(The problem):
Print every entry exactly as written.

(Short web captions):
####################
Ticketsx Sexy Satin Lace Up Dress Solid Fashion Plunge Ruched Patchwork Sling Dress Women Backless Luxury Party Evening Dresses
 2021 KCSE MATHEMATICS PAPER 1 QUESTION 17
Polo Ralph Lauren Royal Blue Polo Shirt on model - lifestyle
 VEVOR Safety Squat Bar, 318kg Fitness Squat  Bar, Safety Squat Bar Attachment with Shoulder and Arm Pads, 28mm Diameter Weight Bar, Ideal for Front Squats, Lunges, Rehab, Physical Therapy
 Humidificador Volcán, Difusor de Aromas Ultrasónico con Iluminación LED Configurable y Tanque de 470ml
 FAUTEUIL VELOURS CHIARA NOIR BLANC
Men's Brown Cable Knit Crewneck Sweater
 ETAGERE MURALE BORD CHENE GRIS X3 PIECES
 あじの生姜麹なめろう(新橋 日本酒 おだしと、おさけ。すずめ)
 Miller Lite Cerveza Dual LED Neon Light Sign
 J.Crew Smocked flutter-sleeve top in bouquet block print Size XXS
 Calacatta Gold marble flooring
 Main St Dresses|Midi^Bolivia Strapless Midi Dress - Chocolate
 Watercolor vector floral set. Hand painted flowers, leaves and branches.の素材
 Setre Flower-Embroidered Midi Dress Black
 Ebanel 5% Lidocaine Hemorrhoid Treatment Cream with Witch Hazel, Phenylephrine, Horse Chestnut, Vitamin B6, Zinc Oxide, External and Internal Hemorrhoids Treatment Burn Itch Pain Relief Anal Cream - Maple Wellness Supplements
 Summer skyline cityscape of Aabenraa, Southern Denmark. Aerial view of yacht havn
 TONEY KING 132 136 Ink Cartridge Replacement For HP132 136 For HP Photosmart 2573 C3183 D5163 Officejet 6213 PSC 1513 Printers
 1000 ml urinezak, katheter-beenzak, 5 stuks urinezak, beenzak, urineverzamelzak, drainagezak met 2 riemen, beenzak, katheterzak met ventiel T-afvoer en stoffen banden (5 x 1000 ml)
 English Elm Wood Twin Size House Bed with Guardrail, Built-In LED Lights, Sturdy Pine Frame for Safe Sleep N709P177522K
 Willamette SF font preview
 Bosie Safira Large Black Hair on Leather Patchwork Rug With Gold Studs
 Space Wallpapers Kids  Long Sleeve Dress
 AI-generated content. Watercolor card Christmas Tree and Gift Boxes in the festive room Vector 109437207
####################
(Result of this exercise):
Ticketsx Sexy Satin Lace Up Dress Solid Fashion Plunge Ruched Patchwork Sling Dress Women Backless Luxury Party Evening Dresses
 2021 KCSE MATHEMATICS PAPER 1 QUESTION 17
Polo Ralph Lauren Royal Blue Polo Shirt on model - lifestyle
 VEVOR Safety Squat Bar, 318kg Fitness Squat  Bar, Safety Squat Bar Attachment with Shoulder and Arm Pads, 28mm Diameter Weight Bar, Ideal for Front Squats, Lunges, Rehab, Physical Therapy
 Humidificador Volcán, Difusor de Aromas Ultrasónico con Iluminación LED Configurable y Tanque de 470ml
 FAUTEUIL VELOURS CHIARA NOIR BLANC
Men's Brown Cable Knit Crewneck Sweater
 ETAGERE MURALE BORD CHENE GRIS X3 PIECES
 あじの生姜麹なめろう(新橋 日本酒 おだしと、おさけ。すずめ)
 Miller Lite Cerveza Dual LED Neon Light Sign
 J.Crew Smocked flutter-sleeve top in bouquet block print Size XXS
 Calacatta Gold marble flooring
 Main St Dresses|Midi^Bolivia Strapless Midi Dress - Chocolate
 Watercolor vector floral set. Hand painted flowers, leaves and branches.の素材
 Setre Flower-Embroidered Midi Dress Black
 Ebanel 5% Lidocaine Hemorrhoid Treatment Cream with Witch Hazel, Phenylephrine, Horse Chestnut, Vitamin B6, Zinc Oxide, External and Internal Hemorrhoids Treatment Burn Itch Pain Relief Anal Cream - Maple Wellness Supplements
 Summer skyline cityscape of Aabenraa, Southern Denmark. Aerial view of yacht havn
 TONEY KING 132 136 Ink Cartridge Replacement For HP132 136 For HP Photosmart 2573 C3183 D5163 Officejet 6213 PSC 1513 Printers
 1000 ml urinezak, katheter-beenzak, 5 stuks urinezak, beenzak, urineverzamelzak, drainagezak met 2 riemen, beenzak, katheterzak met ventiel T-afvoer en stoffen banden (5 x 1000 ml)
 English Elm Wood Twin Size House Bed with Guardrail, Built-In LED Lights, Sturdy Pine Frame for Safe Sleep N709P177522K
 Willamette SF font preview
 Bosie Safira Large Black Hair on Leather Patchwork Rug With Gold Studs
 Space Wallpapers Kids  Long Sleeve Dress
 AI-generated content. Watercolor card Christmas Tree and Gift Boxes in the festive room Vector 109437207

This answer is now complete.